Impact of the Metaverse Platform Mozilla Hubs on University Learner Satisfaction

Ⅰ. Introduction

Recent studies have shown that higher education is undergoing significant changes due to evolving pedagogies and diverse learning preferences of Generation Z students born between 1997 and 2012[1]. Digital natives are accustomed to high-tech environments and often find traditional teaching methods uninteresting, which can affect their engagement and knowledge retention[2],[3]. Meanwhile, online learning environments offer flexibility and accessibility, but still lack immersive and interactive elements[3]. Higher education demands innovative approaches that cater to the diverse learning styles of Generation Z students[4]. These students prefer interactive and technologically enhanced learning environments and often find traditional lecture-based teaching methods uninspiring[3]. In this context, metaverse platforms are emerging as a pioneering solution that can transform the educational experience in higher education[5],[6]. Metaverse platforms allow users to create and interact with 3D virtual environments, providing a more persistent and interactive learning experience than is possible on traditional online platforms[6]. The development of metaverse education platforms at home and abroad is showing a movement to bridge this educational gap. The most popular metaverse applications in Korea are Naver Zepeto, SK Telecom’s Ifland, and Mocha World, a metaverse platform based on KakaoTalk. Internationally, Roblox, Decentraland, and Meta’s Horizon Worlds are the most widely used. Despite the clear promise of metaverse platforms, empirical evidence on the impact on Gen Z students’ engagement and content retention is noticeably lacking[6].

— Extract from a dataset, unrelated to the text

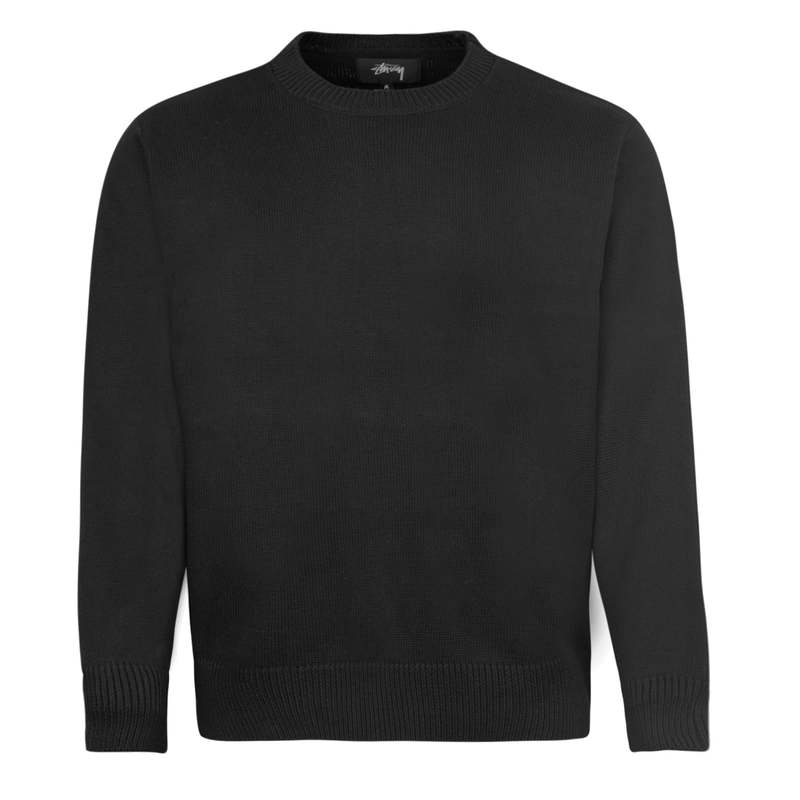 Stussy / Bent Crown Sweater / BLACK / L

This study aims to bridge this gap by analyzing the impact of using Mozilla Hubs as an educational tool. By assessing the level of engagement and content retention of Gen Z students participating in educational activities based on Mozilla Hubs, this study aims to provide insight into the effectiveness of the platform as a learning medium. The results of this study are expected to enrich the understanding of the educational applications of virtual reality environments and to facilitate a paradigm shift in the educational delivery methods preferred by higher education institutions. Therefore, this study proposes a solution through the following process. First, we analyze the theoretical background and related literature on the educational preferences of Generation Z, virtual learning environments, and the effectiveness of Mozilla Hubs in improving higher education. Second, we plan and conduct an empirical study to investigate the impact of Mozilla Hubs on increasing the engagement and levels of satisfaction of Generation Z students. This study includes a sample of University students aged 18-24 who will participate in educational activities conducted through Mozilla Hubs. Third, we collect students’ satisfaction and feedback on their experience using Mozilla Hubs through a survey. Fourth, we analyze and interpret the collected data and make suggestions for future research. In conclusion, the purpose of this study is to propose recommendations for higher education institutions to effectively integrate metaverse platforms into their curricula to increase the engagement and learning outcomes of Generation Z students.

Ⅱ. Background

2-1 Metaverse Concept and Platform Utilization Trends

The concept of a connected virtual world has its roots in science fiction literature and has captured imaginations for decades. The term “metaverse” originated in Neal Stephenson’s 1992 novel “Snow Crash,” which describes a vast virtual space populated by avatars as digital proxies for human operators[7],[8]. Once a fantasy limited by technological constraints, recent advances in virtual reality, augmented reality, blockchain, and artificial intelligence have brought the metaverse closer to tangible realization[1],[9]. The metaverse represents a paradigm shift in education that redefines traditional teaching methods through immersive 3D environments[7]. This technology enables a kind of experiential learning in which students can explore historical timelines, perform safe scientific experiments within simulations, and build connections with a global network of peers[7],[10]. The metaverse seamlessly integrates cognitive and tactile experiences, thereby expanding the boundaries of student engagement and learning[7].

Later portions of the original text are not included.